最高に楽しいぼっち旅をしよう!

#9 29歳で一人旅をするのは「かわいそうなこと」なのか

29歳女がぼっち旅の魅力をお伝えする本企画。いよいよ最終章になります。色んなことがありました……。で、結局ぼっち旅で得られることってなんなんだ? 真船さんに振り返っていただきました。

●#9 29歳は旅に出るべき

金曜の夜に突然やってくるやつ

突然の想い出話をするが、NYに行く前、当時お付き合いをしていた男性と別れた。涙も修羅場もなく、非常に自然にあっさりと。

29歳という年齢はめちゃくちゃ微妙だ。
迫りくる「三十路」に向けての女としての焦りと、突然にして発生する母性への戸惑いと、変わりたくないという恐れがぐちゃぐちゃにやってくる。
「誰かを好きにならなきゃいけない」とか「たった一人との関係性も築けないようでは……」とか「早く生んだ方がいい」とか。誰に言われるわけでもないけど、その不安は夜中、たった一人で眠る部屋に鳴り響く緊急地震速報とともに、あるいは金曜日の夜にやってくる。
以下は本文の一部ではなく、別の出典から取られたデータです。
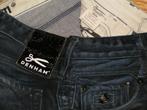 DENHAM SKIN spijkerbroek,Mt 29,L32 topstaat, Kleding | Heren, Blauw, W32 (confectie 46) of kleiner, Ophalen of Verzenden, Gedragen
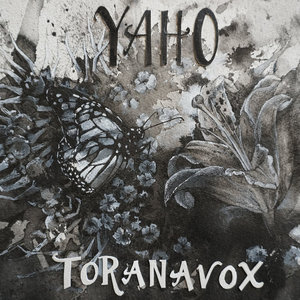 Yaho cover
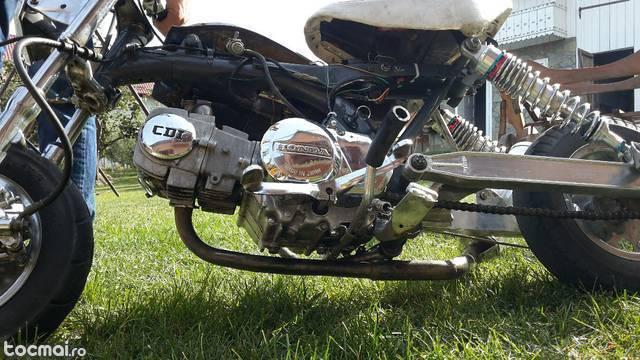 honda 2005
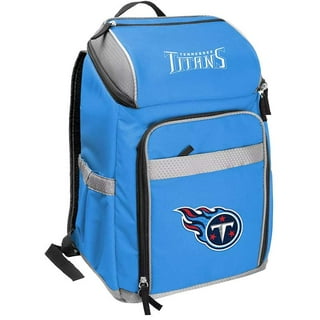 Tennessee Titans - PTX Backpack Cooler – PICNIC TIME FAMILY OF BRANDS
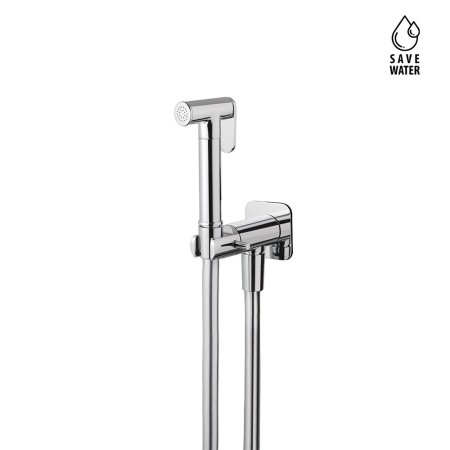 NEWFORM  NEWFORM ROBINET MONOCOMMANDE POUR WC/BIDET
それが「結婚」「出産」という女として転機の二文字に向かっているものなのか、漠然と「人生」という二文字に向けているものなのかわからないけれど、もみくちゃになった私は「逃避」という二文字を選び続けている。

家にいる「ぼっちの私」は、堕落しきっていて、#1で描いたように裸でスヌー○ーストリートをやっているだけの人間。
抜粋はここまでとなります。